Auditioning for Hale Center Theatre

Recently, Hale Center Theatre held auditions for the musical “Guys and Dolls.” I performed in this production when I was in high school. After I was cut from the high school basketball tryouts because of politics, I focused all of my attention in the performing arts. As a teenager I was a drama geek in all respects. I am not ashamed to admit it because I had a lot of fun because of it.

After high school, I did a few productions for various community theatres such as Riverton Arts Council, Draper Arts Council, and Draper Historic Theatre. Every one of those experiences were very interesting. The best way to describe my service to them would be just like the movie Waiting for Guffman. (Hopefully you are not offended by the “foul language” in it.)

Over a decade later, I decided to take one for the team and audition for Hale Center Theatre in Orem just so I can share my experience with you, my beloved followers. I had season tickets to Hale a few years ago and my overall impression of it after one season was that their performing quality was equivalent to what I endured watching community theatre...except that Hale has a budget to work with (thank you, Governor Huntsman) and they can afford better props, costumes and other spectacles that a community theatre with a starving budget the size of a ham sandwich does not have. I had to call and schedule an appointment to audition with their theatre receptionist which was foreign to me.

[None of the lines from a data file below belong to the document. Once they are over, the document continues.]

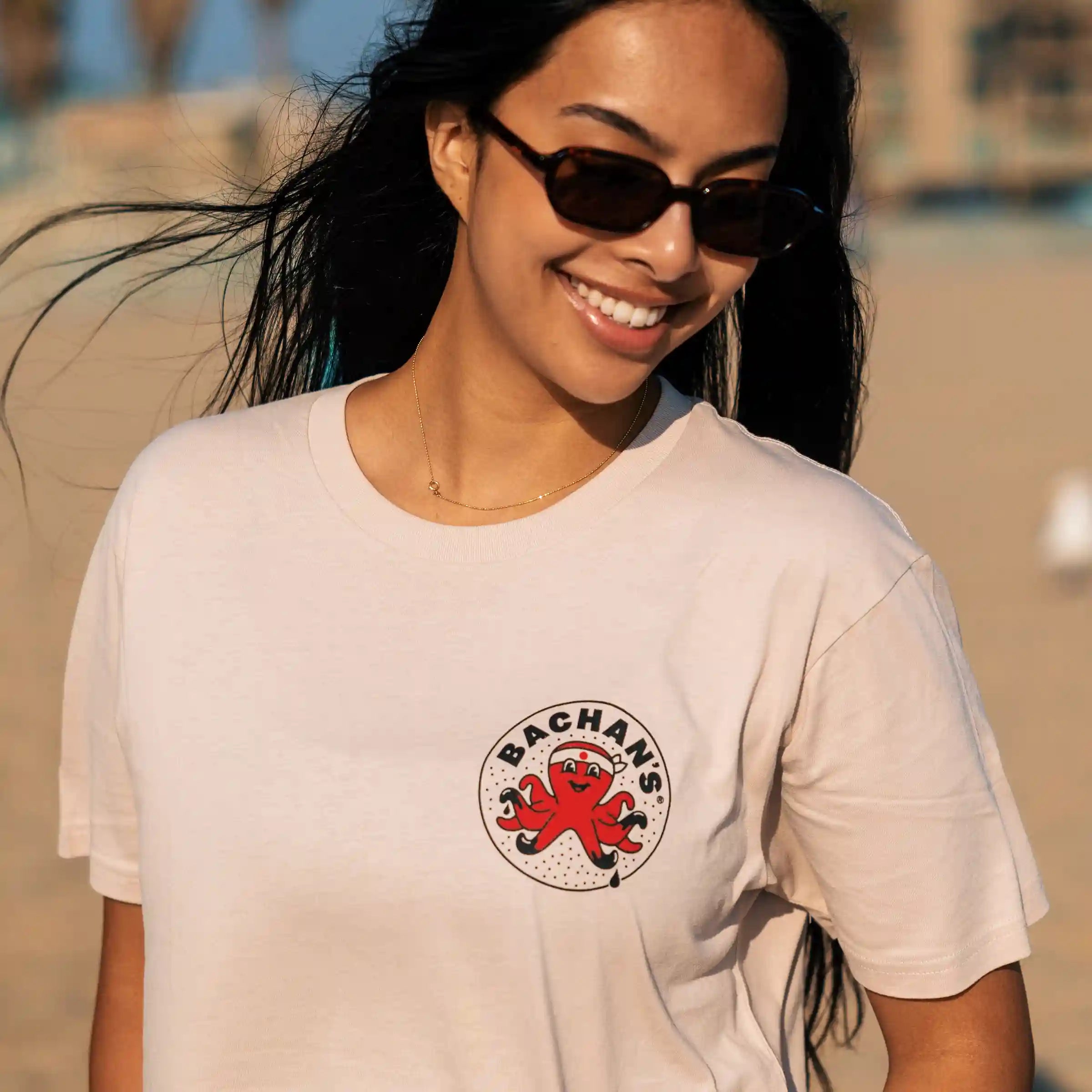 Octo Wave Tee Secondary image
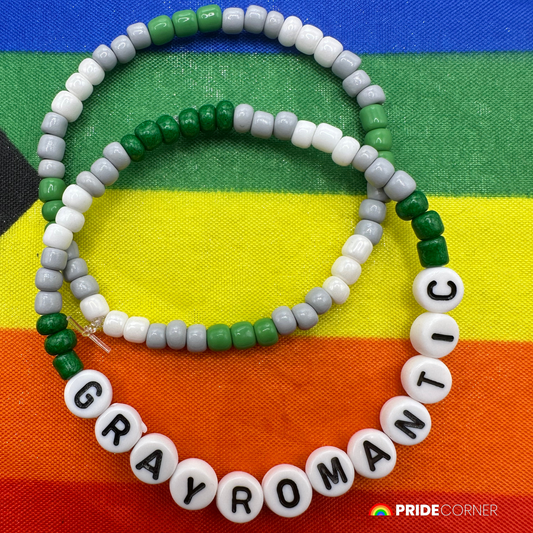 Grayromantic Beaded Bracelets | LGBTQIA+ Inclusive Pride Jewellery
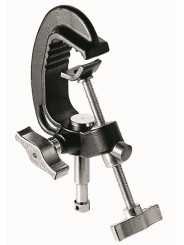 Baby-Schnellspannklammer mit 16 mm Stift Avenger - 
Tragfähigkeit: 50kg
Rohrgröße 20-52mm
Aluminium-Konstruktion
Enthält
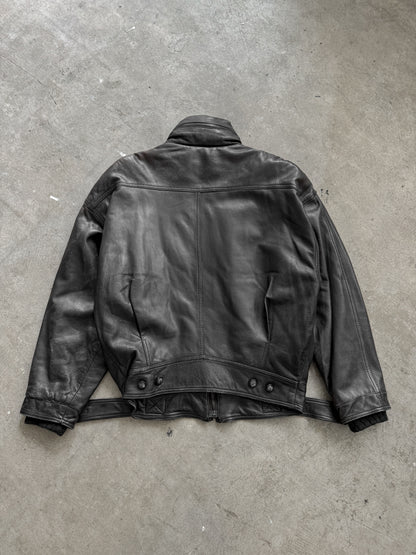 Vintage Ruffo Leather Bomber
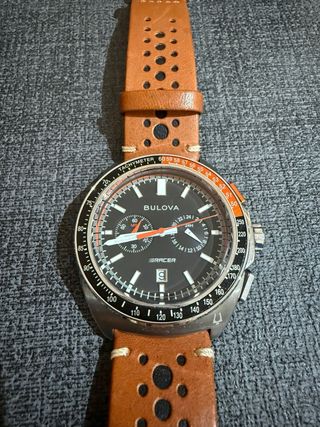 Reloj Bulova Cronógrafo E-Racer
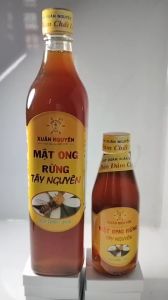 Mật Ong Rừng Tây Nguyên Hiệu Xuân Nguyên Chai Thủy Tinh Nguyên Chất Hỗ Trợ Tăng Sức Đề Kháng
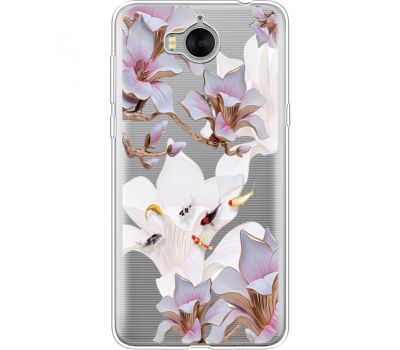 Силіконовий чохол BoxFace Huawei Y5 2017 Chinese Magnolia (35638-cc1)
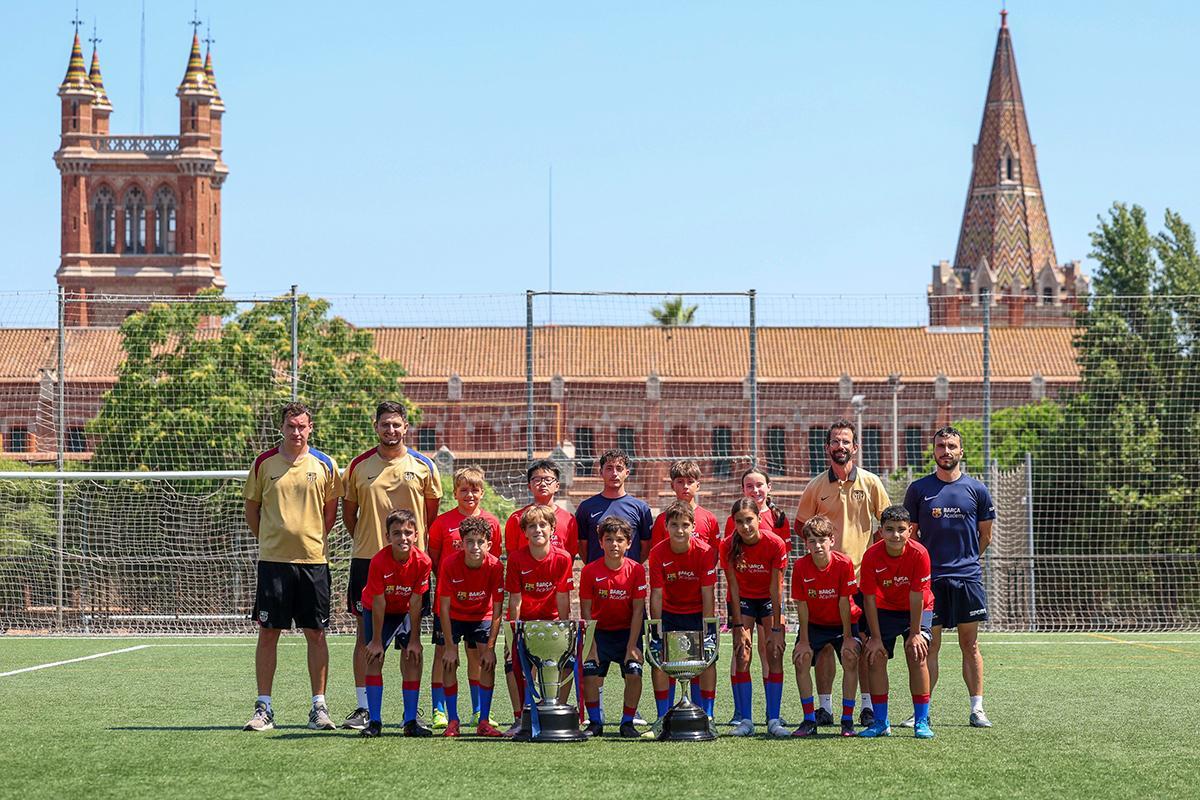 Campus Barça Academy (14 -18 julio) - Galería de fotos Campus Barça Academy (14 -18 julio) - Galería de fotos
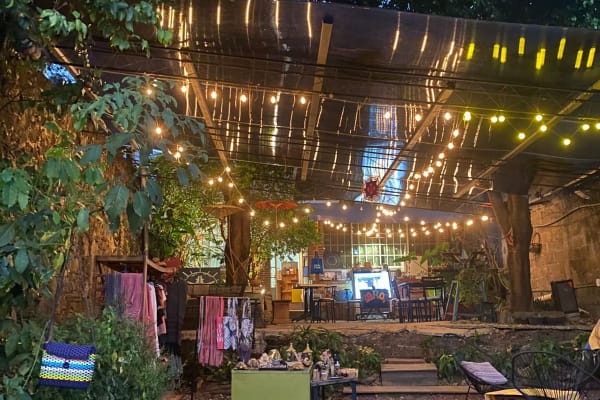 Casa Coyote Tepoztlan hostal holístico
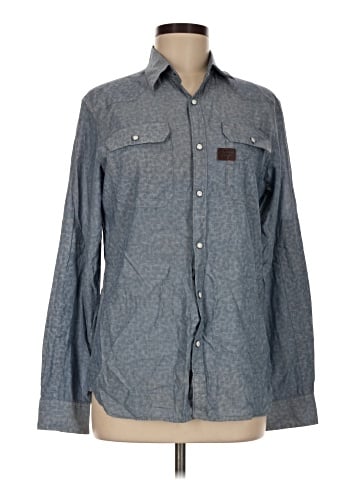 G-Star RAW Long Sleeve Button-Down Shirt (view 1)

April 15, 2013 (Audition day) After being tipped off by a former Hale Center Theatre performer on what to bring to my audition I brought the following.

1.       An 8” x 10” glamour head shot of myself

My 8" x 10" glamour head shot
2.       A performance resume listing all past productions
3.       A prepared musical number of 16 bars of a piece similar to the musical but not from the musical
4.       Audition application

The difference between this and a community theatre production is that Hale actually pays the performers, which gives them some incentive to actually show up and put forth effort. According to the audition application you were paid either by being single cast (you perform every day) where you get paid $30 a show or double cast (you perform every other day) where you get paid $20 a show. You also apparently get paid 200-300 dollars for rehearsals so if you are commuting across the valley this severance would almost cover the cost of gas to get there.  Since you are being paid for the show they also want to know every obligation you have between applying and closing night. They had a calendar attached to every application and you had to mark all the days and times you would be unavailable. They encourage you to show up 15 minutes prior to your audition time to fill out the application and calendar. 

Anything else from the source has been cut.